Instructions to follow
Leave out the pictures, and copy exactly the lines from the line with "Man in Ball Costume" through the last line of the data below.

═════ Task inputs ═════

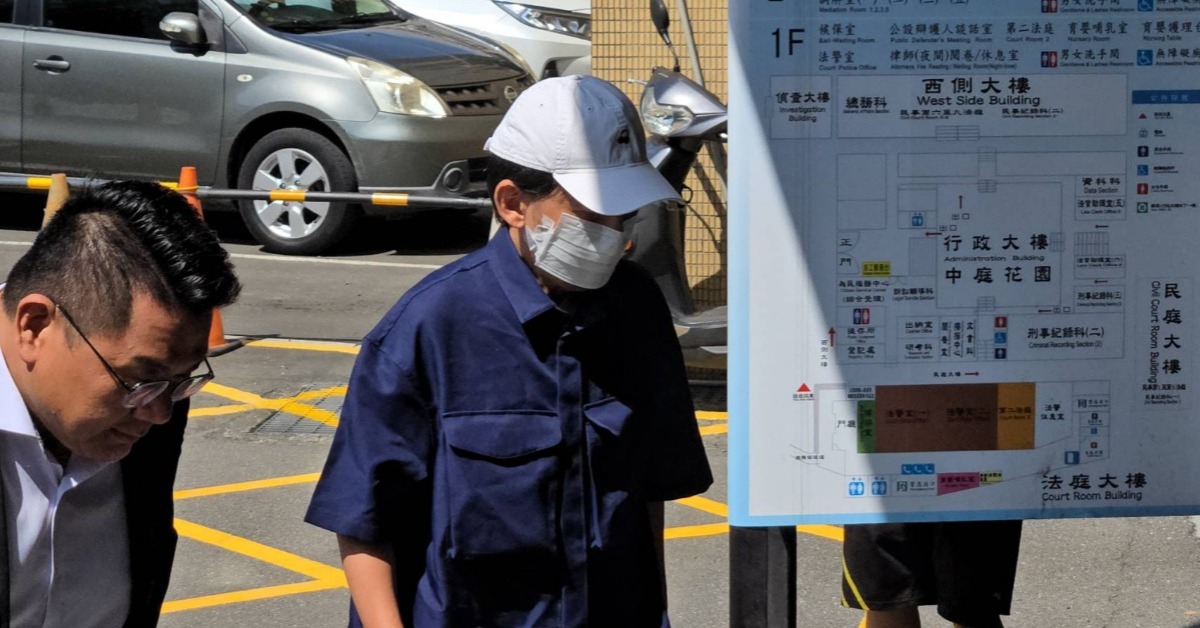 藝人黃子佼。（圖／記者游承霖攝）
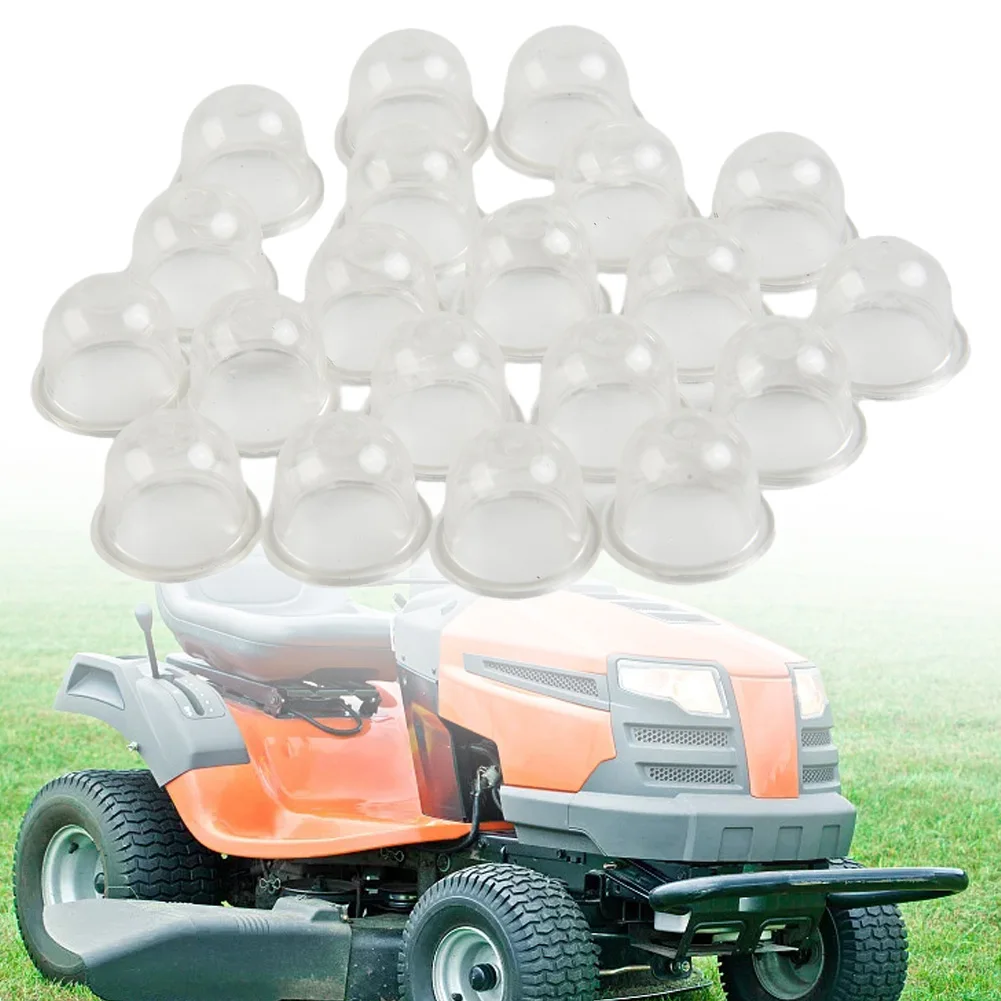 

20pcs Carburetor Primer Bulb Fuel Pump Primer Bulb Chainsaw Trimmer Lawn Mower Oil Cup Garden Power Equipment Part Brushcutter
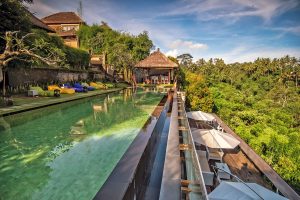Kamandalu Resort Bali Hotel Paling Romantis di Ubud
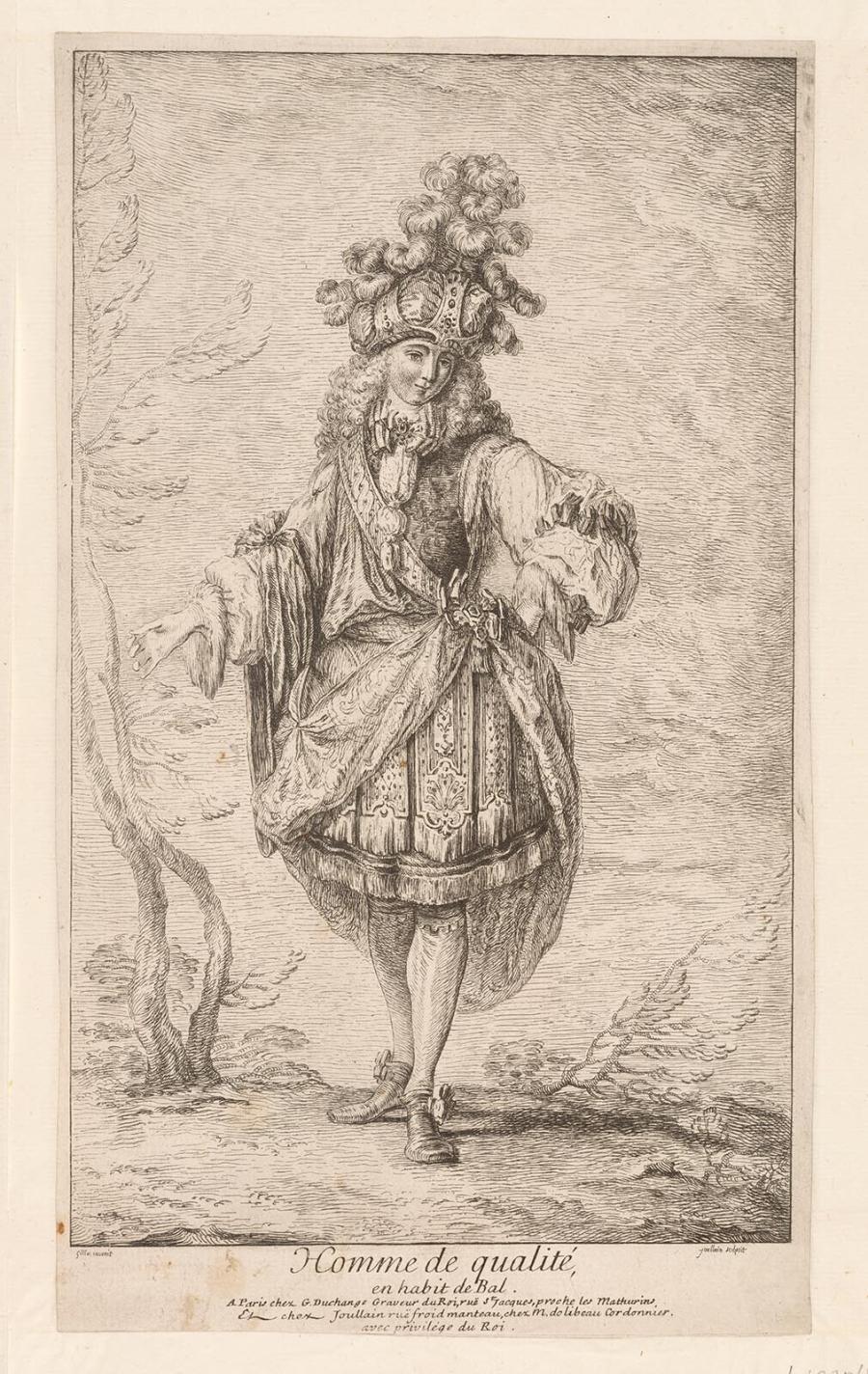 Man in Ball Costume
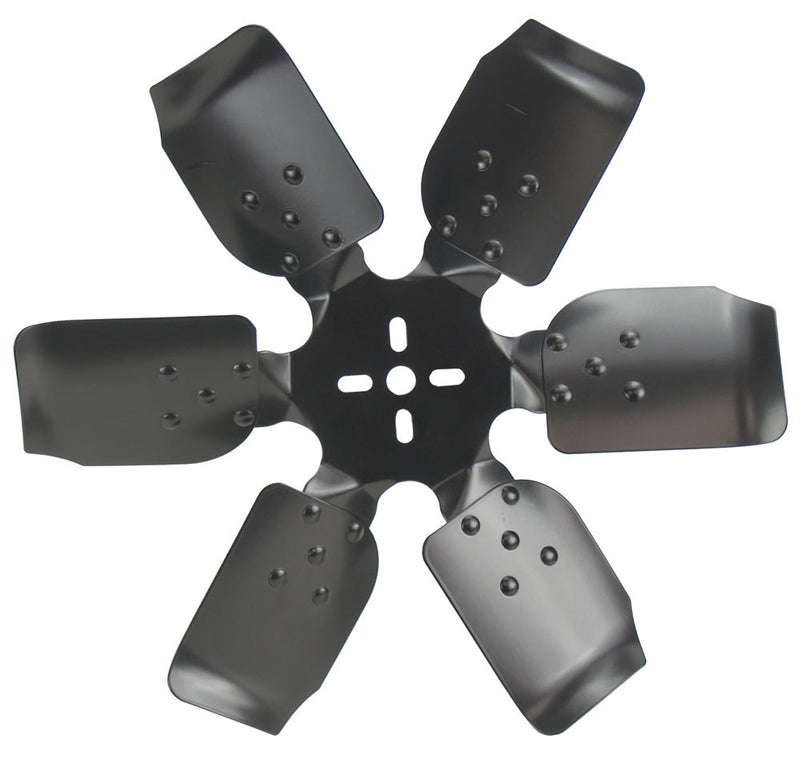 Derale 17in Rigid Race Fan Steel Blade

═════

Task output
 Man in Ball Costume
 Derale 17in Rigid Race Fan Steel Blade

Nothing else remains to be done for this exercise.